Bridging the Gap: New Report Finds Fracking Has ‘Dramatically Raised Up’ Poor Ohio Schools

by Jackie Stewart, Energy in Depth

An “eye-opening” new report from the Ohio Education Policy Institute (OEPI) finds a direct correlation between Utica Shale development and increased funding for Ohio schools, particularly in “Ohio’s lowest wealth school districts.” More importantly, the Ohio School Boards Association and Buckeye Association of School Administrators-commissioned report highlights how fracking-generated tax revenue has bridged the gap between low wealth and high wealth school districts, particularly in Appalachia.
Report author Howard Fleeter, an economist and “widely respected school funding scholar,” states clearly in the report that, “Fracking has dramatically raised up some poorer district is in eastern Ohio.”
Based on local and state revenue from more than 600 K-12 public schools from FY 1999 to FY 2019, the report is particularly significant coming on the heels of a 1997 Ohio Supreme Court ruling which basically said that Ohio’s formula for funding public schools relied too much on property tax revenues, disproportionately hurting lower-wealth school districts. In other words, Ohio school districts were at the mercy of their local property tax revenues each year. The Ohio Supreme Court found this method was unconstitutional and more or less told the Ohio legislature that something needed to change to bridge the gap between poor and wealthy school districts.

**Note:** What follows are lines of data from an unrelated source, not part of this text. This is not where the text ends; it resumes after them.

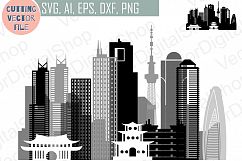 Tokyo  Vector, Japan Skyline city, SVG, JPG, PNG, DWG, CDR, EPS, AI Product Image 1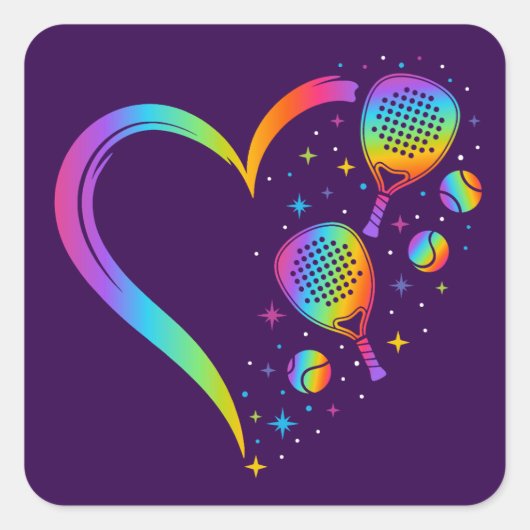 Rainbow Padel Vierkante Sticker (Voorkant)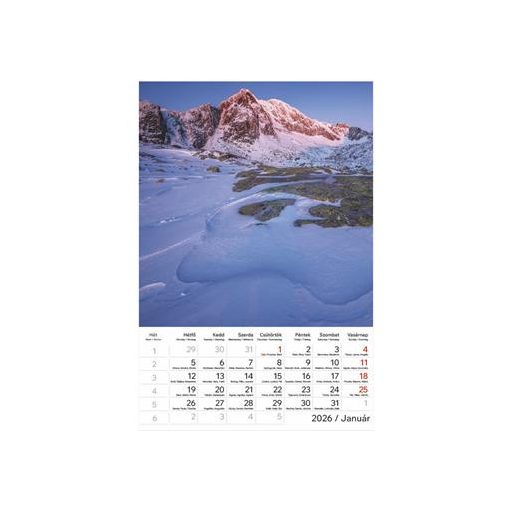 Naptár, fali, TOPTIMER "Hegyek"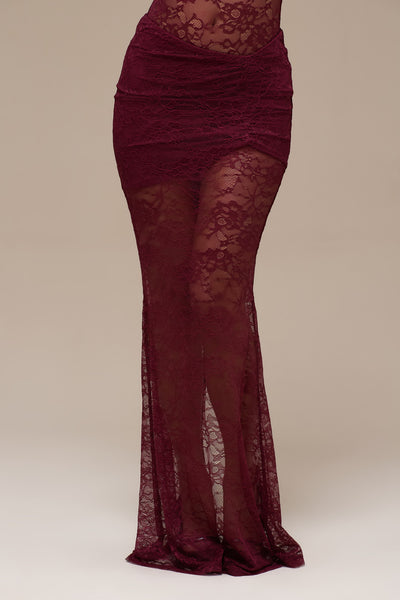 BRITNEY LACE MAXI SKIRT | WINE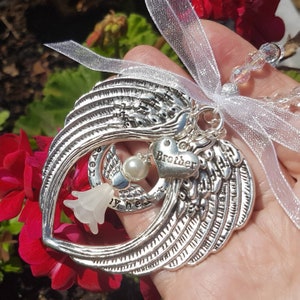 Brother Memorial, Large Hanging Angel Wing with Brother Charm and Forever in my Heart Charm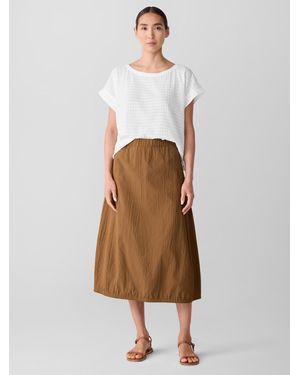 Eileen Fisher Organic Cotton Pucker Lantern Skirt - Natural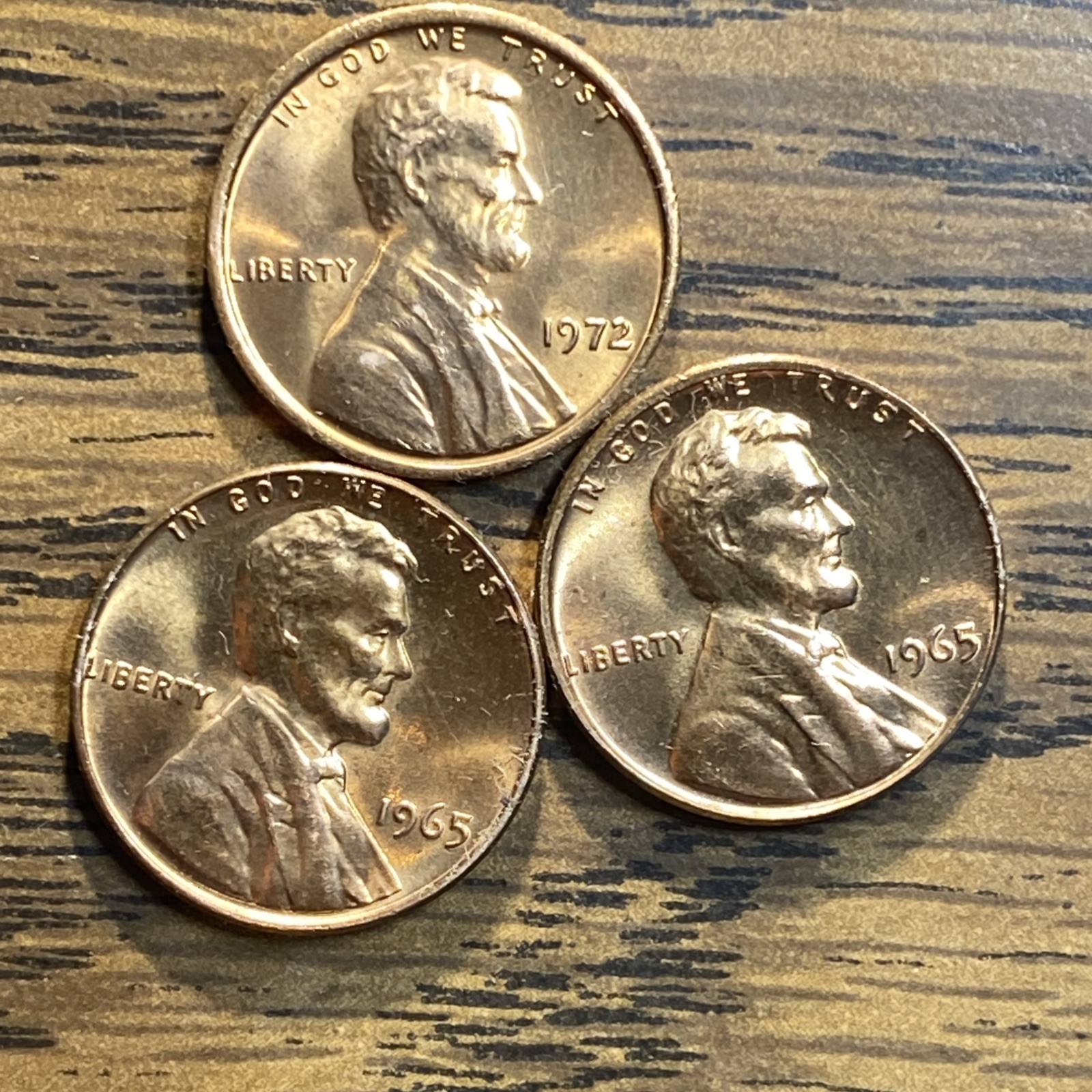 Lot Of3- Uncerculated Lincoln Pennies 2- 1965  1-1972 Pennies $6.95 Free Shippin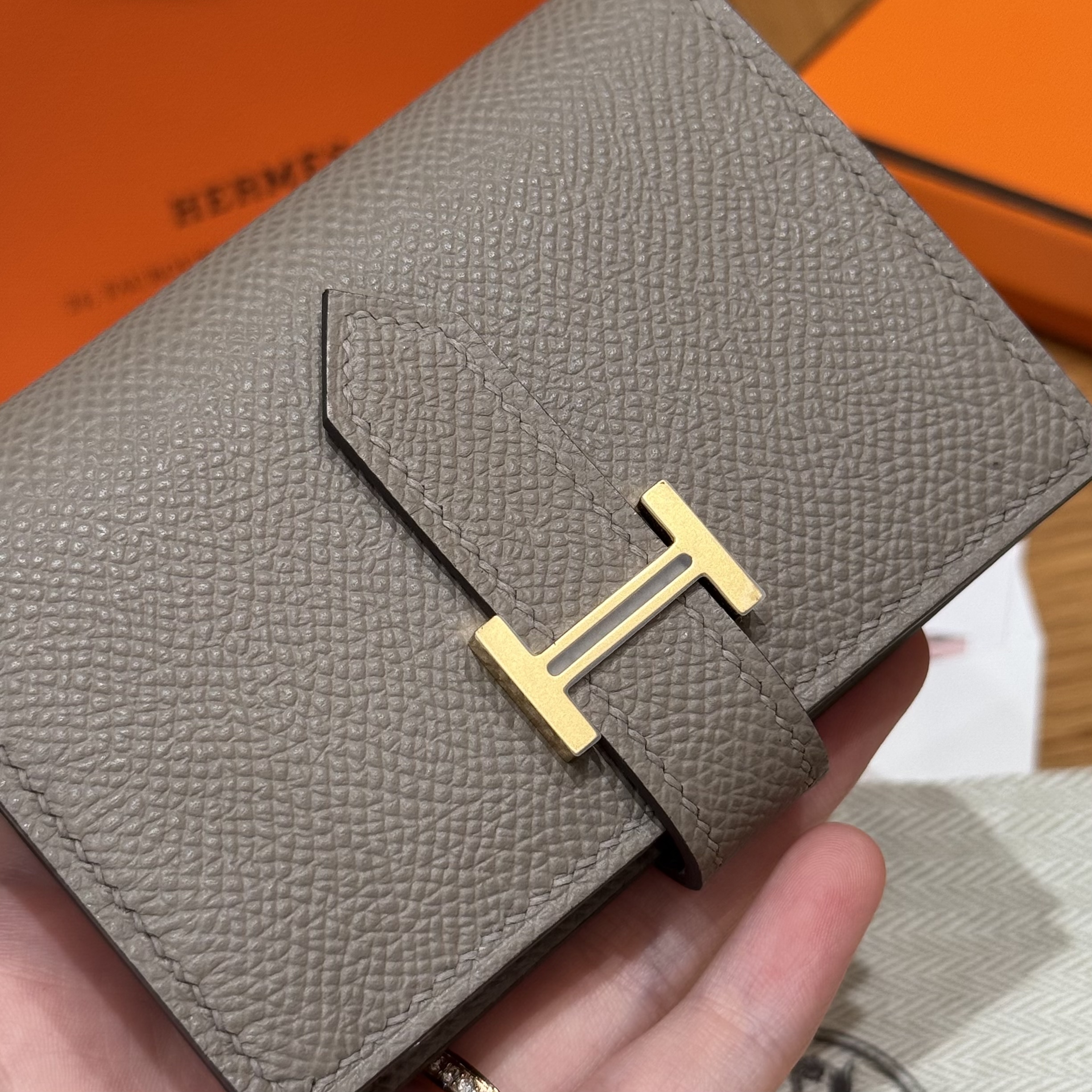 HERMES Кошелёк Bearn 10 см M8/Girs Asphalte Epsom HERMES Кошелёк Bearn 10 см M8/Girs Asphalte Epsom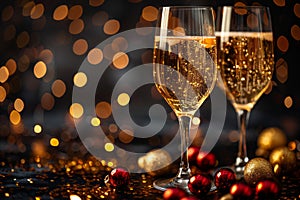 Two glasses of champagne on a blurred background with glowing lights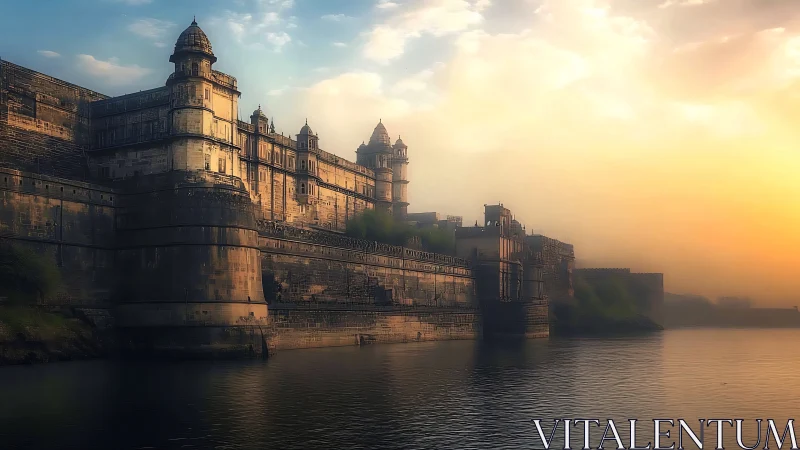 Sunlit riverside fortress rendered in atmospheric digital realism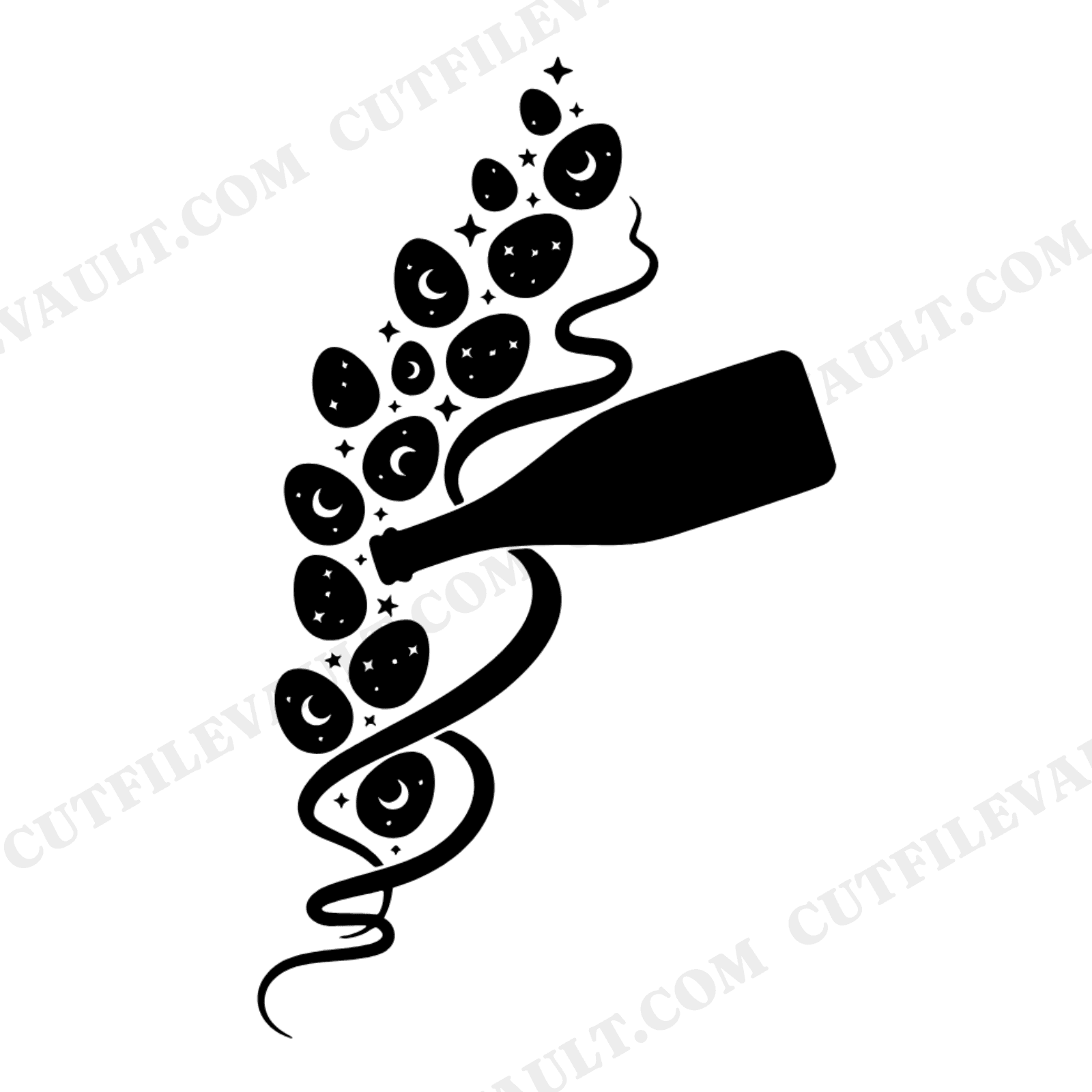 Celestial Easter Champagne Bottle SVG PNG, Cosmic Egg Bubbles Wedding Toast Cut File, view 1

So for the past 20 years, Ohio lawmakers have been tasked with fixing the formula. The debate has been ongoing every year since the Ohio Supreme Court’s landmark decision and has been a capstone of virtually every Ohio gubernatorial, state senate and state representative race since. According to the OEPI, state funding to address these problems increased the first 10 years after the Ohio Supreme Court ruling, but has decreased in the second decade since the decision, while also failing to keep pace with inflation. Still, despite the shortfall distribution from the state budget over the past 10 years, many low-wealth school districts have realized hundreds of millions in new revenue. How can that be?
As Fleeter acknowledged, the change agent to “dramatically” lifting up poor schools has been fracking, not the state budget, and not taxpayer dollars. But frankly, Fleeter hasn’t seen anything yet! The real kicker is that Utica shale development and the tax revenue generated from the natural gas lifecycle have only just started to scratch the surface of the incredible revenue impact yet to come. That’s because ad valorem real estate taxes paid on production are allocated two years after a well is put into production and only after pipelines and power plants become operational.
The latter fact noted, revenues are projected to increase significantly in the near future thanks to surging Utica Shale production and related activity. A 2017 EID reported entitled “Utica Shale Local Support Series: Ohio’s Oil and Gas Industry Property Tax Payments” shows that ad valorem property taxes paid on oil and gas production poured in over $45 million from 2011 to 2015, but they are estimated to surge to $200-$250 million from 2016 to 2026, as development and production continue to increase.
In addition to this revenue, EID has estimated that another $1.2 billion in tax revenue will be generated from pipelines, most of which are now operational, which means midstream companies are on the hook to start paying revenue into every single school district their pipelines transverse through.
The gas flowing through the pipelines will be used to fuel new natural gas power plants sprouting up all over the state. Just one of these gas power plants will bring a single Ohio school district more than $42 million in tax revenue.
This revenue goes directly to local school districts where shale-related activities — including oil and natural gas production, pipeline transport and natural-gas powered electricity generation — are taking place. And let’s not forget the significant additional social investments made by Utica Shale operators to these schools over the past decade through scholarships STEM workshops, teacher trainings, school uniforms, athletic programs and more – dollars that were not even included in OEPI report, yet are essentially revenue for these school districts as well. Not surprisingly, the fracking facts related to bridging the school funding gap between Ohio’s poorest and wealthiest schools has been conveniently excluded from almost all media reporting on this new report, despite the author’s own admission of the facts that shale has indeed been a “dramatic” influence.
While politicians may continue to debate the formula to address the revenue gap between wealthy and poor Ohio school districts, the data is clear — shale development has and will continue to quietly address these extremely important funding issues (and without any pomp and circumstance), which is why Ohioans continue to overwhelming support oil and natural gas development.